Hal tersebut diungkapkan Deputi Dukungan Bisnis SKK Migas, Murdo Guntoro dalam Webinar "Mencari Bentuk Ideal Lembaga Pengganti SKK Migas" yang diselenggarakan atas Kerja Sama FH UII dengan pusat Studi Hukum Energi (Pushenergi). Murdo Guntoro mengatakan, setiap model pengelolaaan lembaga dalam mengelola sumber daya migas memiliki masalah sendiri. Adapun pemerintah perlu mempertimbangkan dengan matang dalam membentuk lembaga khusus atau diberikan kewenanganya pada BUMN
"Kami mengharapkan pemerintah mempertimbangkan sendiri sendiri dengan mengukur kemapuan negara dalam pengelolaan sdm migas apabila negara memiliki kemampuan untuk mengelola sumber daya migas konsensi bisa diberikan oleh BUMN," kata Murdo melalui siaran pers, Minggu (6/12/2020). Jika pemerintah belum bisa mengelola sumber daya alam migas maka dinilainya bisa membentuk lembaga khusus yang mana ada kepastian hukum. "Namun, kalau pemerintah belum mengelola sendiri sumber daya alam migas maka konsesisnya diberikan BUMN dan badan usah lainnya," katanya.
Kendati demikian, mengelola industri migas tidaklah mudah, hal ini dikarenakan adanya tantangan pada sektor hulu yang mana masih perlu diperbaiki dalam menggenjot hasil migas. "Ini memiliki tantangan tidak mudah karena cenderung produkis migas menurun, tapi permintaan menjngkat. Hal inilah peranan lembaga mengelola migas bisa menyelesaikan hambatan pada industri migas," tutur dia. Sementara, Pengamat Ekonomi Energi UGM Fahmy Radhi menambahkan, bahwa SKK Migas hanya bisa dibubarkan melalui perubahan atau revisi UU Nomor 22 Tahun 2011 tentang Migas.
Menurutnya, saat ini yang terpenting adalah mengubah SKK Migas menjadi BUMN Khusus di sektor hulu migas. Fahmy bilang, selama ini kewenangan SKK Migas sangat besar dan memicu moral hazard. Salah satunya mengenai pengembalian cost recovery. “Kewenangan untuk pengembalian cost recovery, itu sangat rawan korupsi.

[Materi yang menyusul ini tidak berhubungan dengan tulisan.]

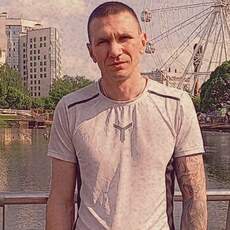 Фотография мужчины Михаил, 38 лет из г. Киров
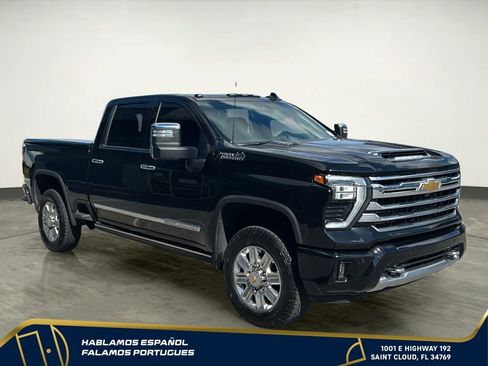 Certified 2024 Chevrolet Silverado 2500 High Country w/ High Country Premium Package AWD/4WD image 8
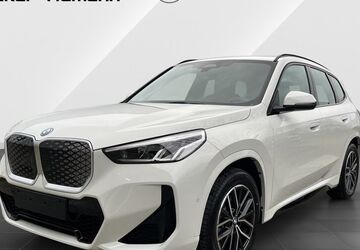 BMW iX1 7.988 km 48.704 &euro; Versmold 33775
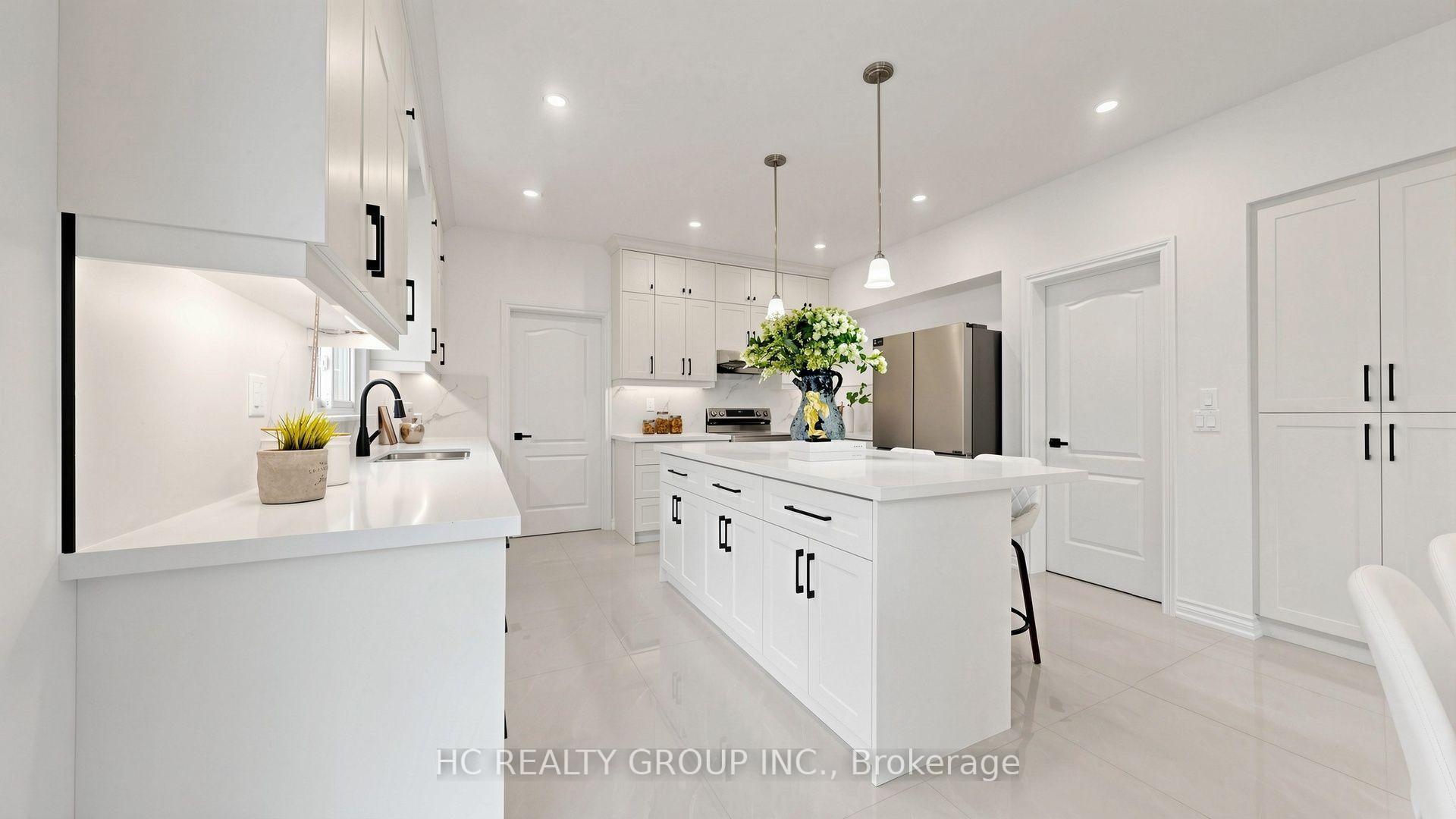 Photo 17 of 26 Landmark Court, Markham, Unionville — HOMEH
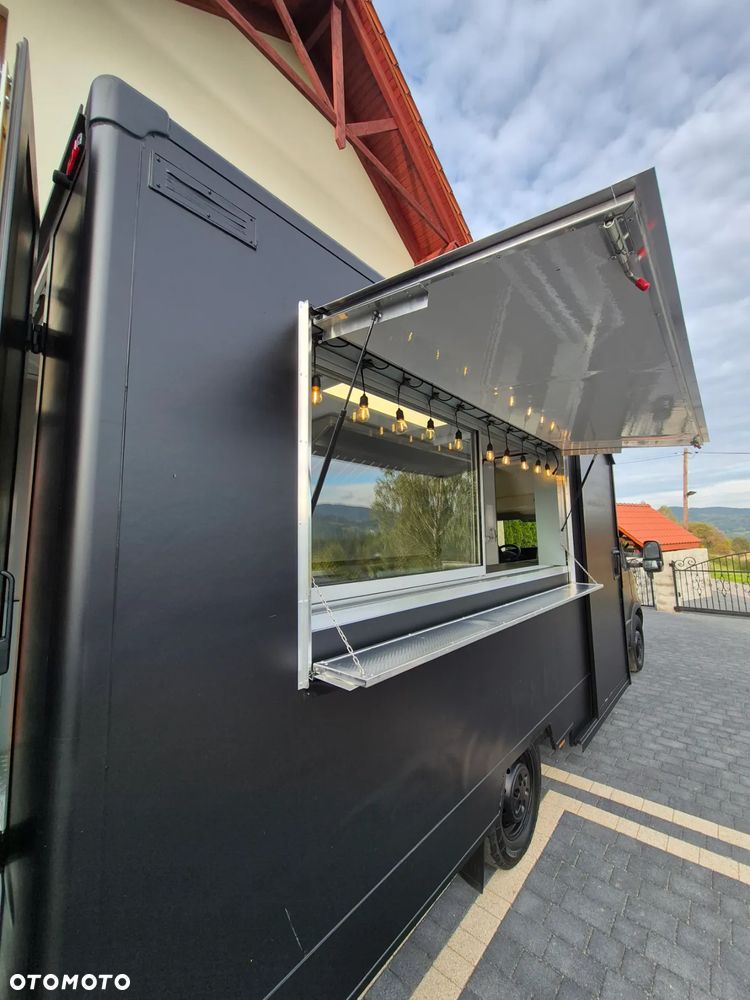 Iveco FoodTruck Sklep Bar Specjalny Samochód gastronomiczny - 14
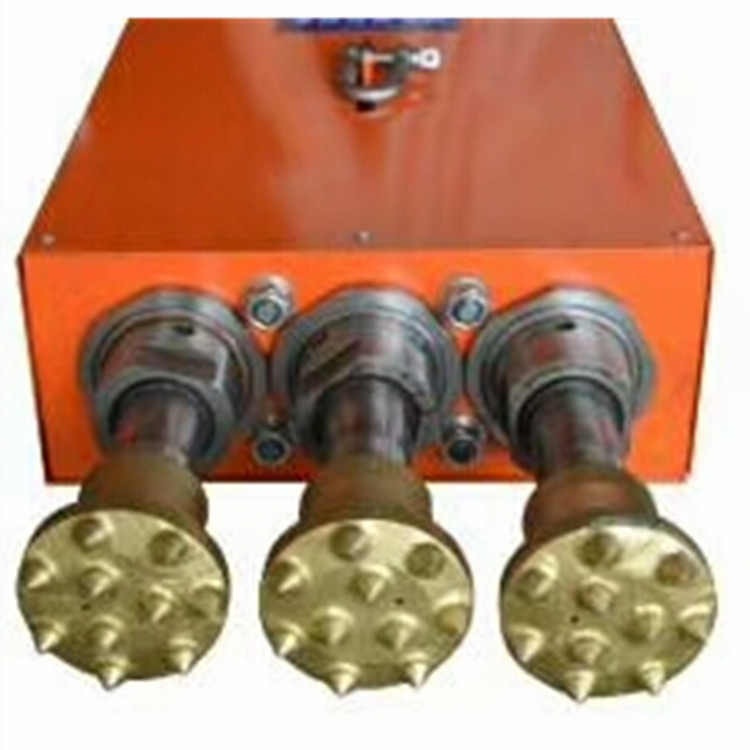 生產(chǎn)廠家混凝土立面鑿毛機(jī)  座駕式可升降鑿毛機(jī)  大型自動(dòng)行走鑿毛機(jī) 大型鑿毛機(jī) 混凝土鑿毛機(jī)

Di awal awal itu hampir semua biaya yang dikeluarkan investor harus diganti dengan persetujuan SKK Migas dan itu banyak moral hazard,” ujar Fahmy dalam webinar FH UII, Sabtu (5/12).
Fahmy pun mendorong agar SKK Migas bisa menjadi BUMN Khusus. Ada sejumlah urgensi mengenai hal tersebut. Pertama, revisi UU Migas sudah menggantung di DPR RI selama tujuh tahun. Sehingga selama itu pula kepastian hukum SKK Migas belum jelas. Kedua, UU Cipta Kerja tidak mengatur penggantian SKK Migas menjadi BUMN Khusus.
Menurutnya, kekosongan perundangan tersebut menyebabkan ketidakpastian bagi investor dan peran SKK Migas tidak optimal. “Dengan BUMN Khusus, SKK Migas akan lebih lincah, karena dia bisnis yang mengelola keuangan. Kalau sekarang ini semua cashflow ke Kemenkeu, dana yang digunakan juga dana APBN, harus mengajukan seperti kementerian lain, ini jadinya birokrasi, bukan bisnis,” jelasnya. Sementara itu, mantan Wakil Menteri ESDM Rudi Rubiandini juga mengusulkan adanya perubahan SKK Migas menjadi BUMN Khusus. Caranya yakni melalui revisi UU Migas.
“Tentunya harus dibereskan dulu UU nya, baru di Omnibus Law. Bagaimana sesegera mungkin UU 22 Tahun 2011 ini diperbaiki,” pungkasnya.